Since the records include pictures, leave those out while you reproduce exactly and only the lines from the one containing "Mann im Rollstuhl mit weiblicher Hilfskraft" through the one containing "Hannah Miley of", inclusive.

> **Raw data**:

= = = = = = =

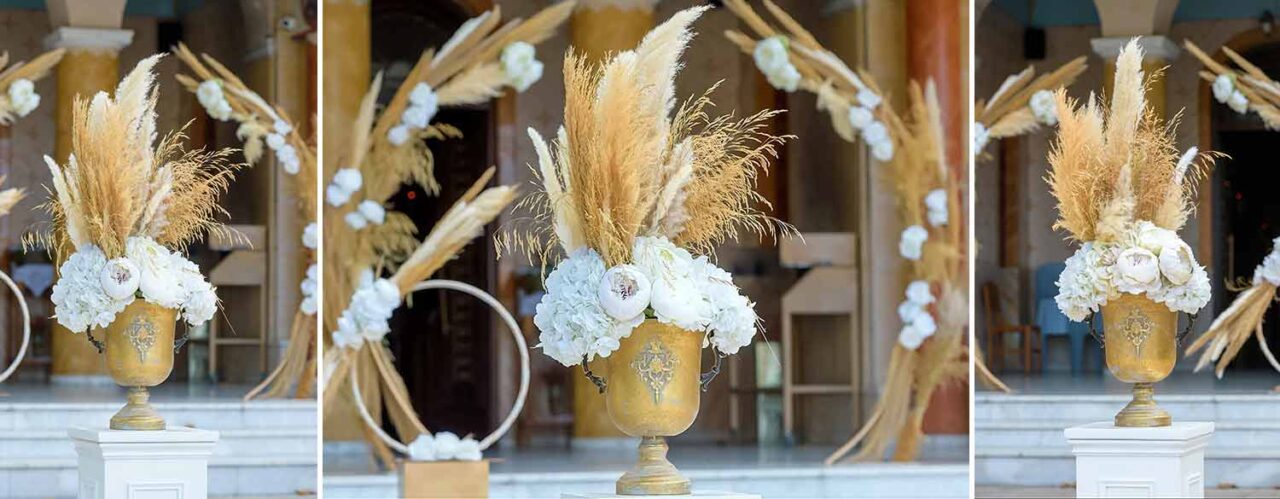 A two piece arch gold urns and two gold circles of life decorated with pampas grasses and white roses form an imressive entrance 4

= = = = = = =

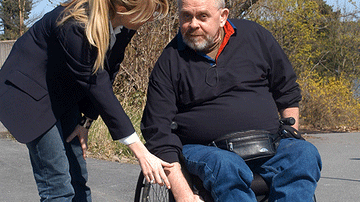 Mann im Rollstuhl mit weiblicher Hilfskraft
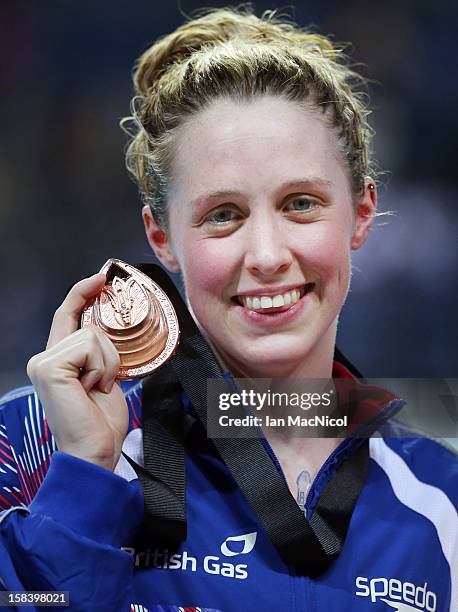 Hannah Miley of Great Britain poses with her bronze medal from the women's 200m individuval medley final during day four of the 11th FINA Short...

= = = = = = =

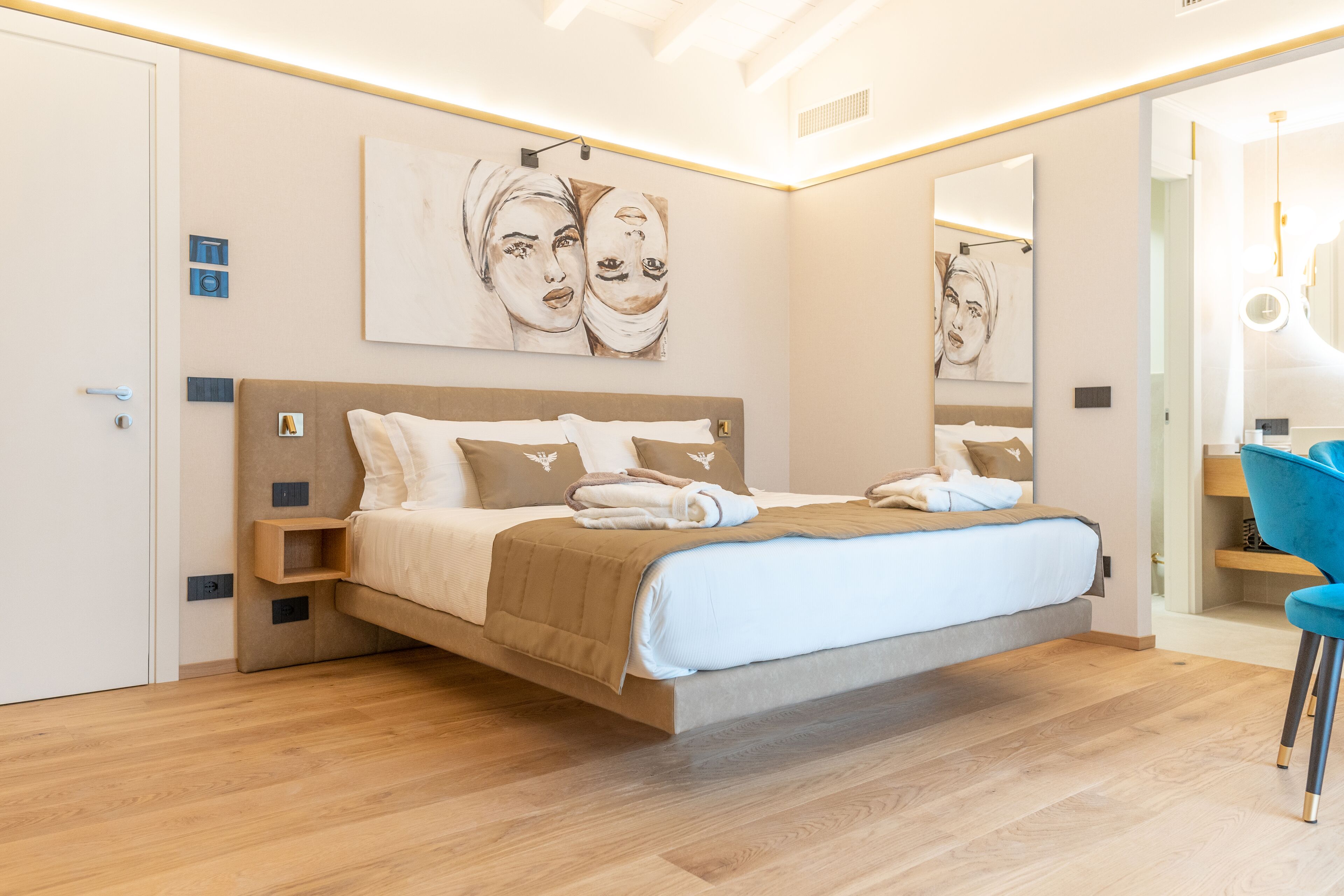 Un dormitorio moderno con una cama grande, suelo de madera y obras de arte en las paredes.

= = = = = = =

> **Your response**:
 Mann im Rollstuhl mit weiblicher Hilfskraft
 Hannah Miley of Great Britain poses with her bronze medal from the women's 200m individuval medley final during day four of the 11th FINA Short...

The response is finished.